Neil Stott.

Explaining the future of society through fictional prose

8 March 2023

The article at a glance

A new prize at Lucy Cavendish College named after Cambridge Judge faculty member Neil Stott, the Stott Alternative Futures Prize, awards speculative fiction that reimagines a better tomorrow.

A new prize at Lucy Cavendish College named after Cambridge Judge faculty member Professor Neil Stott, the Stott Alternative Futures Prize, awards speculative fiction that reimagines a better tomorrow.

A new prize for speculative fiction, the Stott Alternative Futures Prize, has been inaugurated at Lucy Cavendish College, named after Cambridge Judge Business School faculty member and Lucy Cavendish Fellow Professor Neil Stott. 

“Speculative fiction has long provided the resources to explore, explain, and reimagine the future of society, and to cast new light on the present,” says an announcement of the new prize, adding that authors ranging from Isaac Asimov to Margaret Atwood have crafted speculative fiction that is able to “knit together technological, social, and individual questions” through imaginative vocabularies. 

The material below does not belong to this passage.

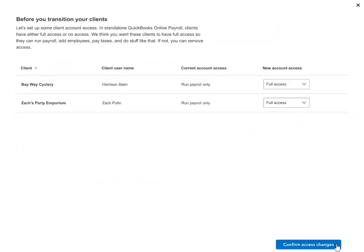Once you continue, for some roles you'll need to adjust user permissions for QuickBooks Online. You can elect to give these clients full access or no access to payroll.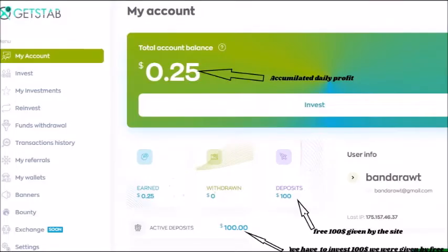This profit is automatically added to our account. If you press the My Account tab, you can see the figure $100 has been entered under the deposit tab, and also you can see that $100 has been added to the input of the active deposit tab. This transaction is made automatically.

Lucy Cavendish students in any discipline can enter, with a limit of 4,000 words and judging by a panel of Fellows and other specialists. Entries can be submitted until 8 May, and the prize will be awarded later in May. The prize is administered through Lucy Cavendish Colleges Writing Centre. 

Imagining possible futures through prose

The prize defines speculative fiction “very broadly to be any creative or imaginative writing interested in possible futures” which could be a short story or extract from a longer piece of fiction. 

Says Neil Stott, Management Practice Professor of Social Innovation and Co-Director of the Cambridge Centre for Social Innovation at Cambridge Judge Business School: 

“The prize is rooted in my worry that we will lose our ability to think of alternatives and how to organise for social justice in the face of complex, species-annihilating events such as the climate emergency. The prize aims to stimulate alternative thinking, rather than being locked into end-of-times narratives with no positive way out. 

Thinking about alternatives to dark days 

“I was an avid reader of speculative fiction, and it sustained me during the 1980s protesting against nuclear weapons and as a Peace Studies student – dark days when we felt the end of the world was exceptionally nigh. Thinking about alternatives can reignite your agency to do something, anything to make a difference. 

“Today we are in urgent need of alternatives to galvanise a world that is struggling to break free of fossil fuels and faces immense change as climate events increase in severity” says Neil.